Le pont de Bellevue, emprunté par le périphérique nantais pour franchir la Loire à l’est de l’agglomération, enregistre un trafic très dense, voire saturé aux heures d’embauche et de débauche et lors des transhumances vacancières. C’est d’ailleurs aussi le cas du pont de Cheviré qui est son pendant à l’ouest. Pour solutionner ce problème, certains dont M. Julien Bainvel, potentiel candidat de la droite nantaise aux prochaines élections municipales, envisagent son agrandissement
Si à ce jour rien n’est acté, une étude de faisabilité à 3 millions d’€ est en cours qui donne une première estimation du projet aux alentours de 130 millions d’€. À l’heure où Gouvernement, Région et Métropole cherchent à tout prix à faire des économies, cela ressemblerait presque à de la provocation. D’autant que nous savons bien qu’en France les budgets prévisionnels n’existent souvent que pour être dépassés, et c’est un euphémisme.

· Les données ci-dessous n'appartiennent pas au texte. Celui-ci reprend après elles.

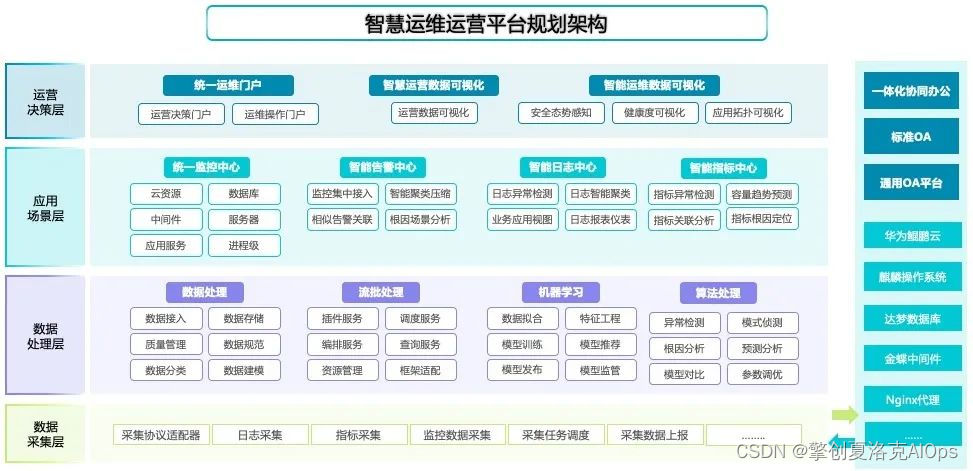 it專業(yè)linux系統(tǒng)網(wǎng)絡運維講師個人介紹_it運維技術(shù)_it 運維 管理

Alors, cet élargissement envisagé est-il la bonne réponse ? C’est une réalité bien connue des usagers de la route et en particulier des citadins : le trafic est très fluctuant, alternant totale fluidité et ralentissements sinon embouteillages selon les heures du jour, et/ou les saisons. A priori on pourrait penser qu’ajouter une nouvelle voie sur un axe de circulation améliore les flux en permettant d’ évacuer les bouchons. Sauf qu’en cas d’aménagement routier, le nombre de véhicules va croissant de sorte que la fluidification, constatée dans un premier temps, ne perdure pas. On retrouve très vite un trafic dense, puis on revient à la situation antérieure. C’est comme si pour les automobilistes il y avait un certain seuil acceptable d’embouteillage, vécu comme une situation habituelle, sinon normale ! Quand les citadins (pour ne citer qu’eux) circulent mieux, cela les incite à rouler plus dans leurs trajets intramétropolitains, et plus loin en deuxième ou en troisième couronne pour vivre leur quotidien. Avec donc pour principale conséquence, non pas plus de « temps de gagné » mais encore plus de pollution et de bruit, surtout pour les riverains. Les exemples ont été largement commentés à Paris, Lille, Rennes, Strasbourg, et ailleurs…
Sans oublier qu’au cas où malgré tout ce projet devait être adopté et mis en œuvre, il y aurait immanquablement sur le périphérique une augmentation significative des flux nationaux et internationaux.
Décidément ce projet d’élargissement n’est, au mieux, rien de plus qu’un appel d’air … pollué et un déni écologique.